The second issue is the difference between the types of evidence (this chart provides a handy guide to this issue). At the top of the evidence pyramid are meta-analyses, which combine the results from different studies based on the strength of the methodologies they have used. Single studies based on solid data and analysis are in the middle. And anecdotes -- which too often seem to be given great weight in K12 discussions -- are at the bottom.
The third issue is the difference between frequentist and Bayesian statistics. Academics (including not a few people with doctorates in education) are fond of statistical tests like p-values that fundamentally assume the underlying system generating a set of data does not change over time (as is true of most physical systems). In contrast, the social systems that most real-world managers (be they in the private or public sector) have to deal with every day have data generating processes that are constantly evolving. As such, rather than traditional frequentist statistics, real world managers use Bayesian statistics. This difference is explained more fully in this paper. The essence of the Bayesian approach is that you start with a prior view -- for example, one based on accumulated research findings (or, even better, meta-analyses that summarize them) -- and then update that prior view using new data you collect, to generate what is called a "posterior" view. This becomes your new prior as the cycle of continuous learning repeats.
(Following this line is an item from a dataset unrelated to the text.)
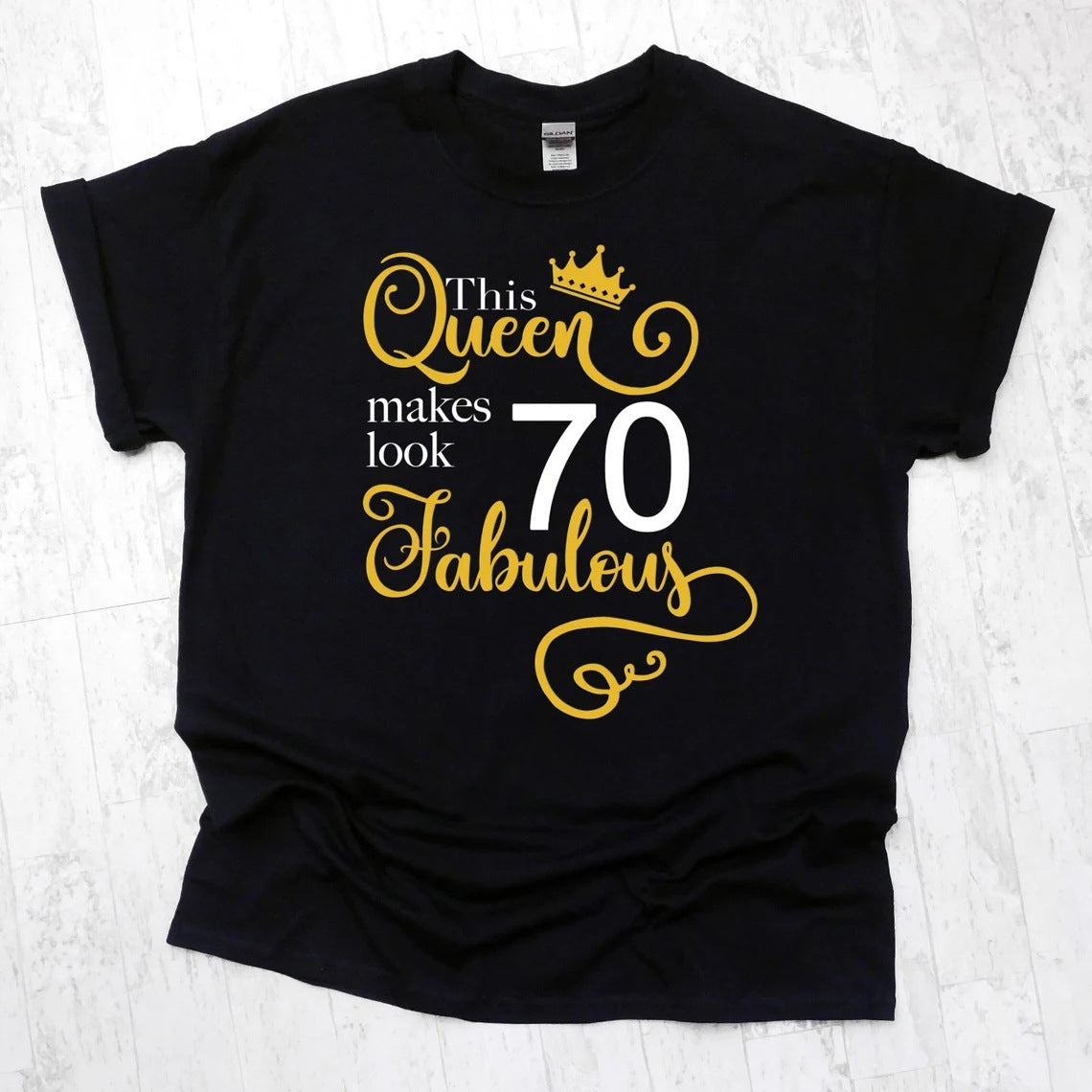 Inspired by Queen's Platinum Jubilee 2022 Elizabeth 70 Years T-shirt T-shirt Summer Loose Top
The fourth issue to keep in mind is that, when you encounter traditional frequentist-based analyses, while reading them and weighing their conclusions you should keep in mind criticisms that have been leveled at this approach (most famously by John Ioannidis). You can read three of these critiques here, here, and here. And here is a damning new report which finds that most published educational research findings (usually based frequentist statistics) have never been replicated.
The fifth issue is the need to become more disciplined about the approach we take to "experimenting our way to improved K12 performance." Here is an excellent overview of how to take a systematic approach to integrating ongoing experimentation in the operation of a school, and here is a detailed guide to using this approach. Here is another guide to running experiments in schools, and here is an OpEd by Brookings asking why more schools don't use this approach, and "underinvest in evidence".
Last but not least, when analyze data to draw either explanatory or predictive conclusions, we have to write clearly about our research for the non-quant audiences whom we are trying to convince too accept and implement our recommendations. This recent paper provides an excellent guide to doing just this.
There are some very important issues we need to confront in our use of K12 achievement data. The first is the difference between explanation and prediction, which is covered in this excellent paper. In essence, in explanatory modeling we test hypotheses about the causes of the effects we observe. In contrast, in predictive modeling we forecast future effects that will be produced by a set of causes we observe, given an underlying theory that relates them to each other.
The second issue is the difference between the types of evidence (this chart provides a handy guide to this issue). At the top of the evidence pyramid are meta-analyses, which combine the results from different studies based on the strength of the methodologies they have used. Single studies based on solid data and analysis are in the middle. And anecdotes -- which too often seem to be given great weight in K12 discussions -- are at the bottom.
The third issue is the difference between frequentist and Bayesian statistics. Academics (including not a few people with doctorates in education) are fond of statistical tests like p-values that fundamentally assume the underlying system generating a set of data does not change over time (as is true of most physical systems). In contrast, the social systems that most real-world managers (be they in the private or public sector) have to deal with every day have data generating processes that are constantly evolving. As such, rather than traditional frequentist statistics, real world managers use Bayesian statistics. This difference is explained more fully in this paper. The essence of the Bayesian approach is that you start with a prior view -- for example, one based on accumulated research findings (or, even better, meta-analyses that summarize them) -- and then update that prior view using new data you collect, to generate what is called a "posterior" view. This becomes your new prior as the cycle of continuous learning repeats.
The fourth issue to keep in mind is that, when you encounter traditional frequentist-based analyses, while reading them and weighing their conclusions you should keep in mind criticisms that have been leveled at this approach (most famously by John Ioannidis). You can read three of these critiques here, here, and here. And here is a damning new report which finds that most published educational research findings (usually based frequentist statistics) have never been replicated.
The fifth issue is the need to become more disciplined about the approach we take to "experimenting our way to improved K12 performance." Here is an excellent overview of how to take a systematic approach to integrating ongoing experimentation in the operation of a school, and here is a detailed guide to using this approach. Here is another guide to running experiments in schools, and here is an OpEd by Brookings asking why more schools don't use this approach, and "underinvest in evidence".
Last but not least, when analyze data to draw either explanatory or predictive conclusions, we have to write clearly about our research for the non-quant audiences whom we are trying to convince too accept and implement our recommendations. This recent paper provides an excellent guide to doing just this.